H-IIA launches are made from Pad 1 of the Yoshinobu Launch Complex at Japan’s Tanegashima Space Centre. The Yoshinobu Launch Complex was first constructed in the 1990s for the H-II, the rocket that was replaced by the H-IIA.

It consists of two launch pads – Pad 2 was built in the early 2000s as a second pad for the H-IIA, but has been used instead by the larger H-IIB rocket.

H-IIA vehicles are integrated vertically away from the launch pad, atop a mobile platform which is used to transport it to the pad ahead of liftoff.

Shortly before the zero mark in Tuesday’s countdown, termed X-0 by JAXA, H-IIA’s LE-7A first stage main engine ignited. The SRB-A3 strapon boosters lit at X-0, and H-IIA F-36 began its ascent to orbit.

Ninety-one seconds into the flight, chamber pressures in the boosters drop off and the solids burned out, separating seventeen seconds later.

Following booster separation, H-IIA continued to fly under the power of its LE-7A engine. Four minutes and ten seconds after liftoff, with the rocket at an altitude of 151 kilometers (93.8 miles, 81.5 nautical miles), the payload fairing separated from around the QZSS-4 satellite at the nose of the rocket.

The first stage burn continued until main engine cutoff, or MECO, at six minutes and thirty-eight seconds mission elapsed time.

The spent first stage was jettisoned eight seconds after MECO, with the second stage igniting after a further six seconds.

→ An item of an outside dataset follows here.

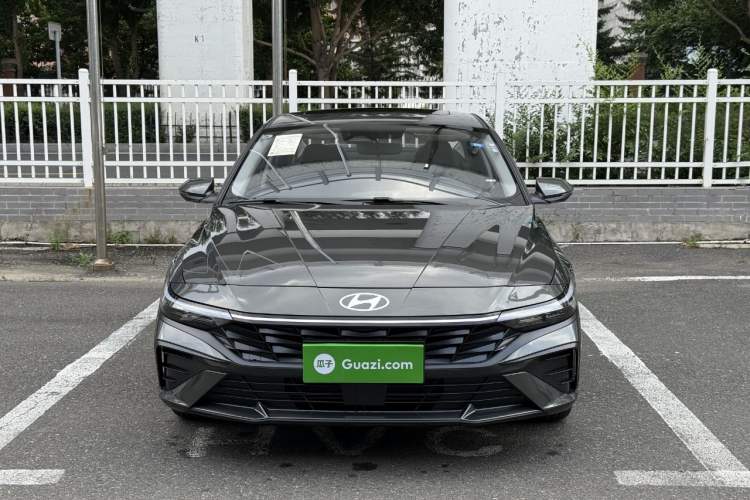 Used Hyundai Elantra 2023 1.5L CVT LUX Prestige Edition
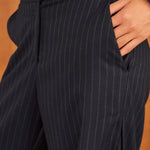 Look de otoño de closet BCN con el pantalón Dimma de raya diplomática azul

Powered by a single LE-5B engine, the restartable second stage made two burns to inject QZSS-4 into its initial transfer orbit. Its first burn lasted five minutes and 42 seconds, before the rocket coasted for twelve minutes.

At the end of the coast phase the LE-5B restarted for a second burn of three minutes duration. Fifty seconds after the end of the second burn, QZSS-4 separated into its geosynchronous transfer orbit.

Tuesday’s launch was the fifth of the year for Japan’s H-IIA rocket, and the sixth of 2017 overall for Japan. The country’s next orbital launch was scheduled to be of an Epsilon rocket with the ASNARO-2 satellite in mid-November. However, this has been delayed to resolve an electrical problem with the rocket.

The next H-IIA launch is expected to carry the Japan Aerospace Exploration Agency’s (JAXA) Global Change Observation Mission – Climate (GCOM-C) satellite, however a launch date has not yet been announced.

The QZSS launch will be the third orbital launch to be conducted in less than 24 hours, following China’s launch of the Venezuelan Antonio José de Sucre, or VRSS-2, satellite via a Chang Zheng 2D rocket and SpaceX’s launch of ten Iridium-NEXT satellites aboard a Falcon 9.